(Required action) Include the line containing "Using HMMs for" and all lines before it, repeated exactly from the listing below, without pictures.

○ ○ ○ ○

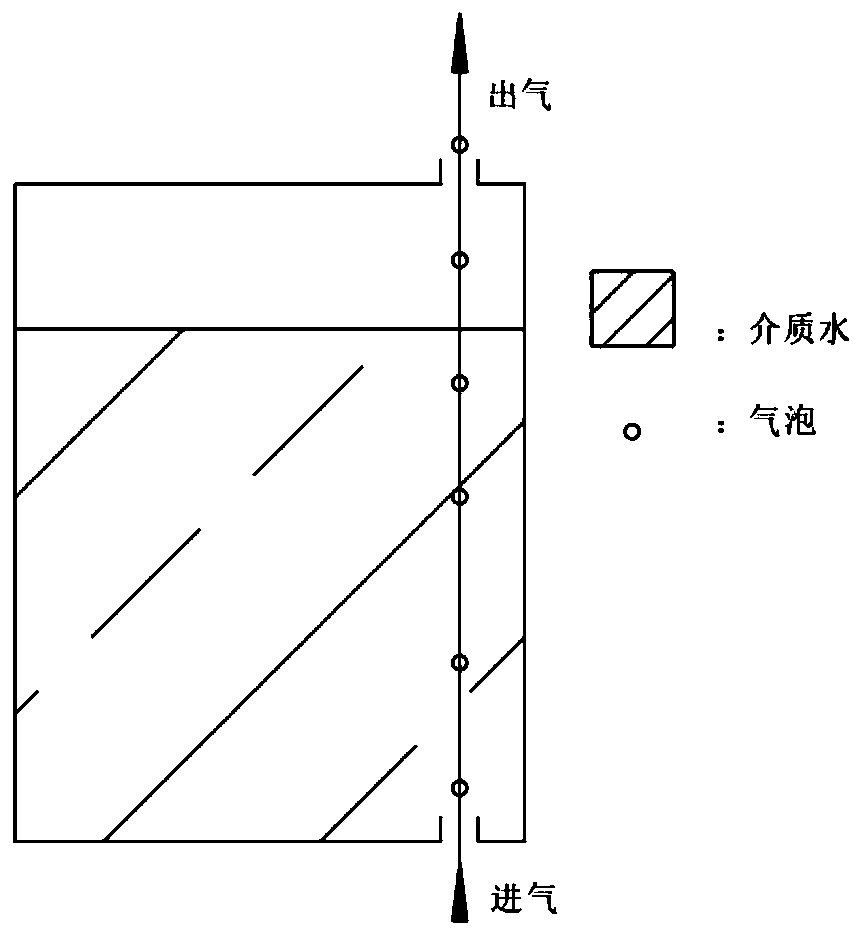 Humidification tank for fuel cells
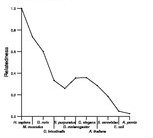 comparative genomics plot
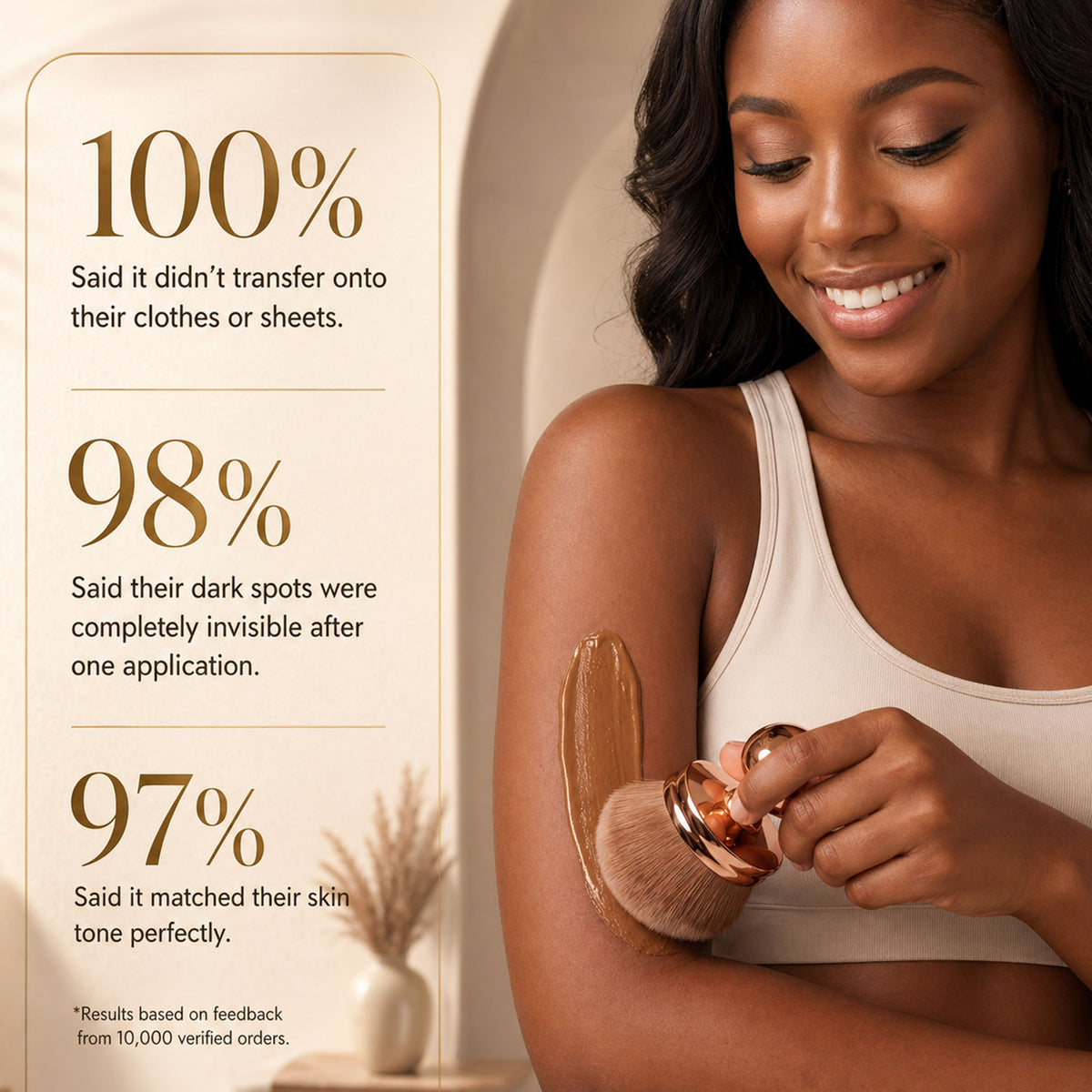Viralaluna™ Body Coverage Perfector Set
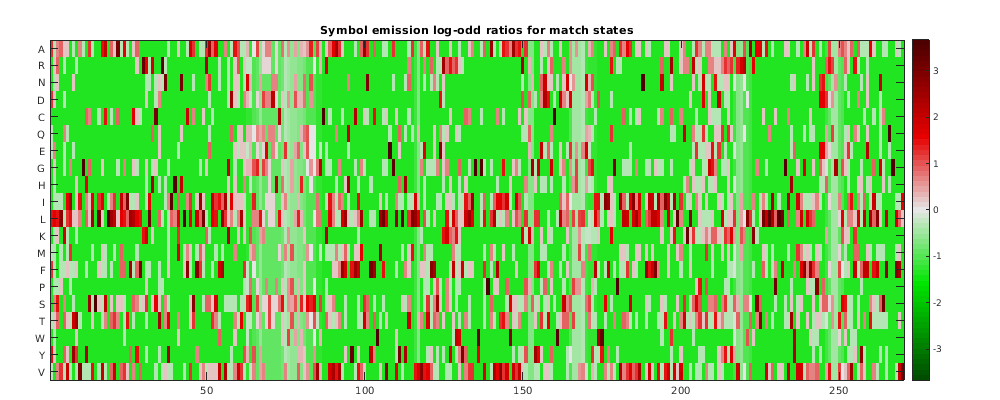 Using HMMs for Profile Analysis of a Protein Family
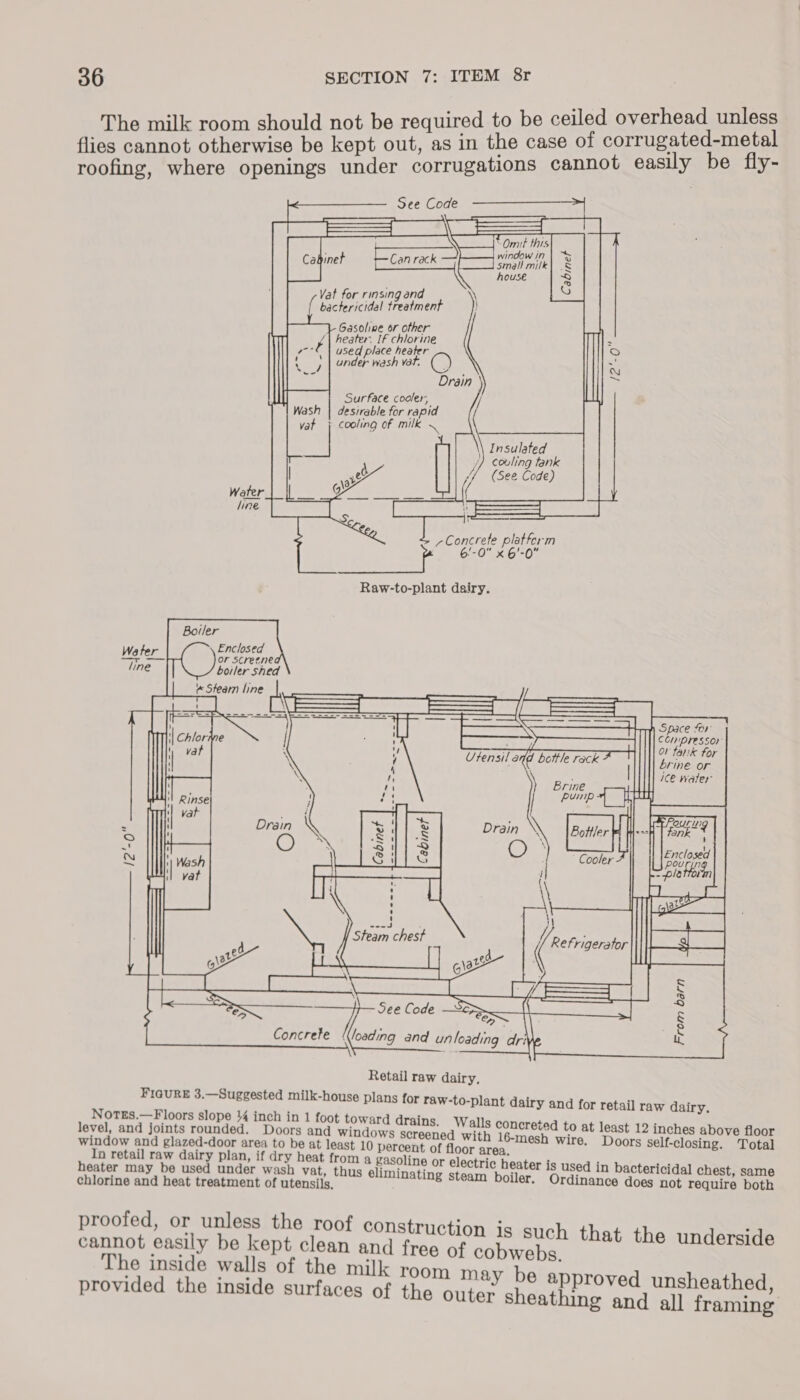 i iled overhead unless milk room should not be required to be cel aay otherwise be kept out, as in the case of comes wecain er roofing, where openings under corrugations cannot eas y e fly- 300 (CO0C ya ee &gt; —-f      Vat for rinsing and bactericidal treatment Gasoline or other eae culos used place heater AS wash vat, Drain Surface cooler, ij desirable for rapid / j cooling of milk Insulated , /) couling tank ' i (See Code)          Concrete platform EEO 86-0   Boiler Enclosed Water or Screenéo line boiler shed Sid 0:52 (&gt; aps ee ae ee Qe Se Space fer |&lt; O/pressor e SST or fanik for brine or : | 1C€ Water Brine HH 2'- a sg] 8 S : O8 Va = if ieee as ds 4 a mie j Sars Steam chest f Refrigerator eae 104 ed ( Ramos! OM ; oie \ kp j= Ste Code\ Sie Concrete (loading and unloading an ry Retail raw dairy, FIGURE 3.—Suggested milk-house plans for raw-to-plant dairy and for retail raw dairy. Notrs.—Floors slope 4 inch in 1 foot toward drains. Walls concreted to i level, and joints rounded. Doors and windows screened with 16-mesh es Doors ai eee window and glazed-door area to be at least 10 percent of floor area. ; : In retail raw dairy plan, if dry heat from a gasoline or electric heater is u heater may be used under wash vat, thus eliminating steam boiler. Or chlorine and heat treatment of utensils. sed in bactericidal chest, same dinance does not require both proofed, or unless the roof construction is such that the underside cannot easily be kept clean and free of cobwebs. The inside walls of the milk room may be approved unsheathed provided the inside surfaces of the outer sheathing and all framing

○ ○ ○ ○

(Exercise output)
 Humidification tank for fuel cells
 comparative genomics plot
Viralaluna™ Body Coverage Perfector Set
 Using HMMs for Profile Analysis of a Protein Family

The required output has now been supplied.